- **Exercise**
The lines below, from the one holding "2018 Ford Fiesta SE photo 12" through the final line, are to be copied exactly, with no other lines and no pictures.

- **Source data**
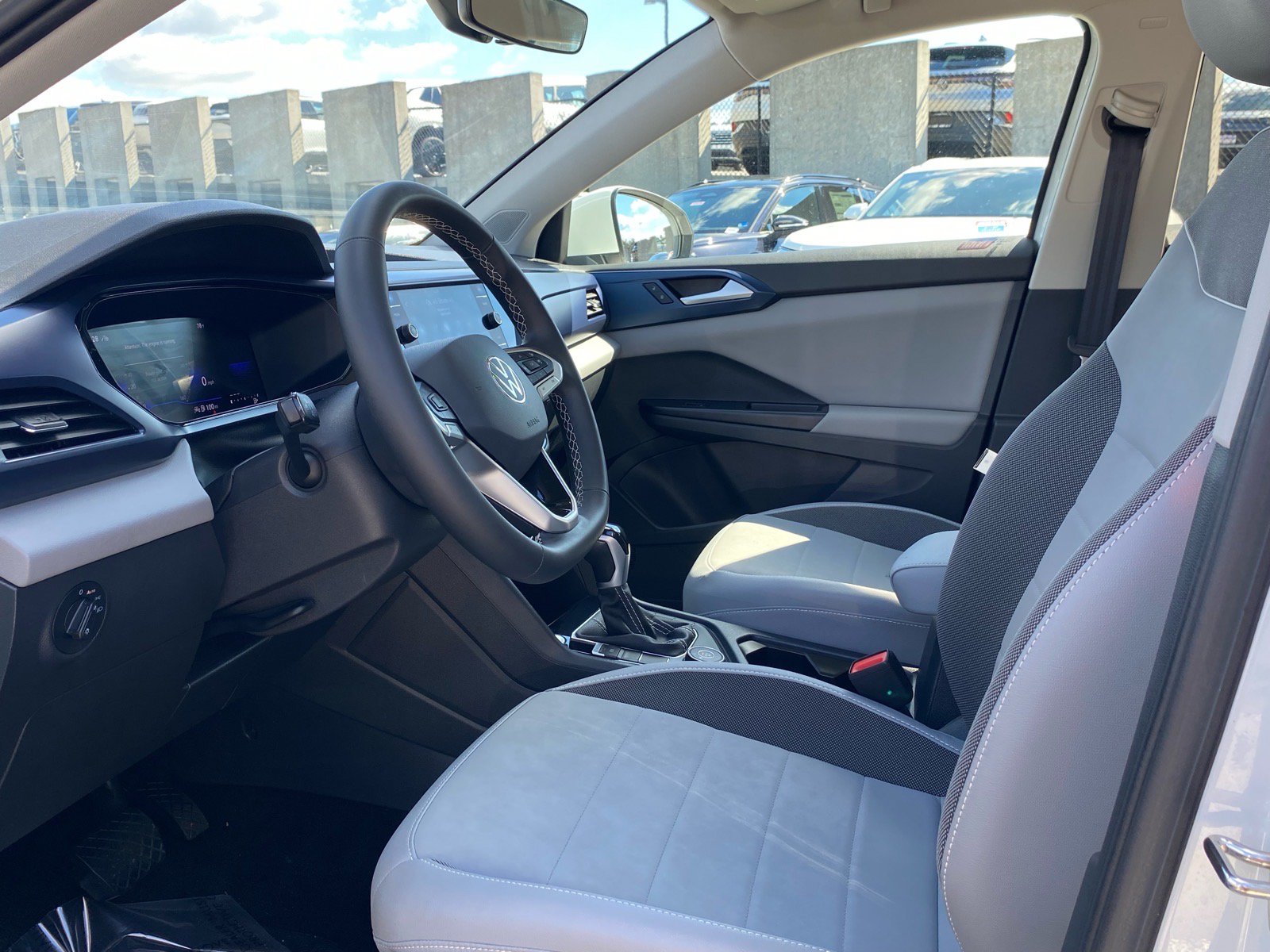 Certified 2023 Volkswagen Taos SE w/ Panoramic Sunroof Package AWD/4WD image 13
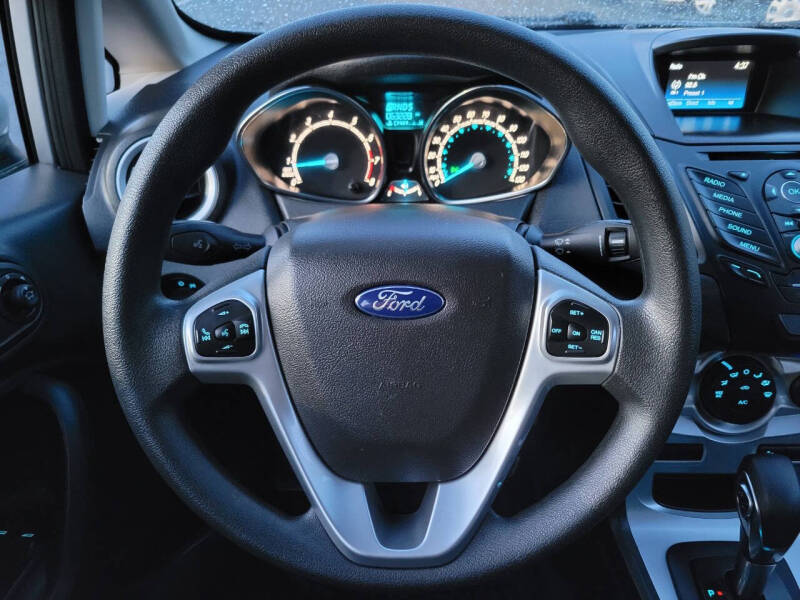 2018 Ford Fiesta SE photo 12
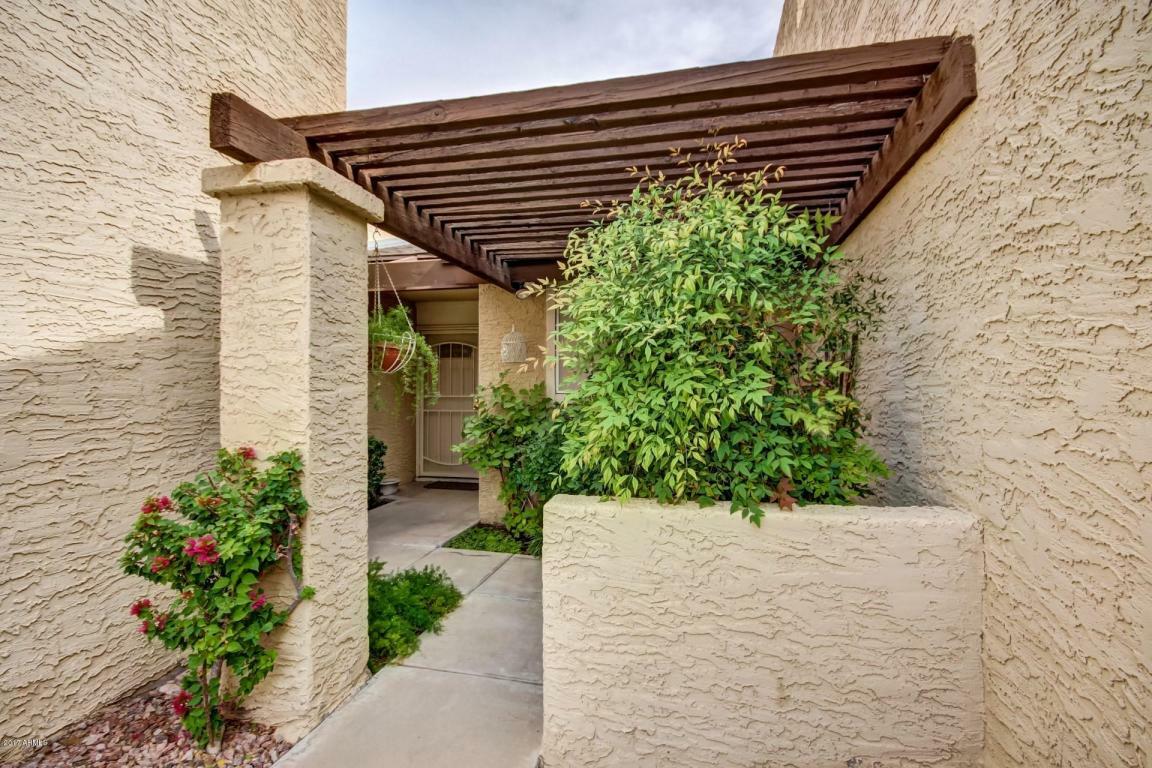 Property Photo:  2256 W Lindner Avenue 6  AZ 85202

- **Worked solution**
 2018 Ford Fiesta SE photo 12
 Property Photo:  2256 W Lindner Avenue 6  AZ 85202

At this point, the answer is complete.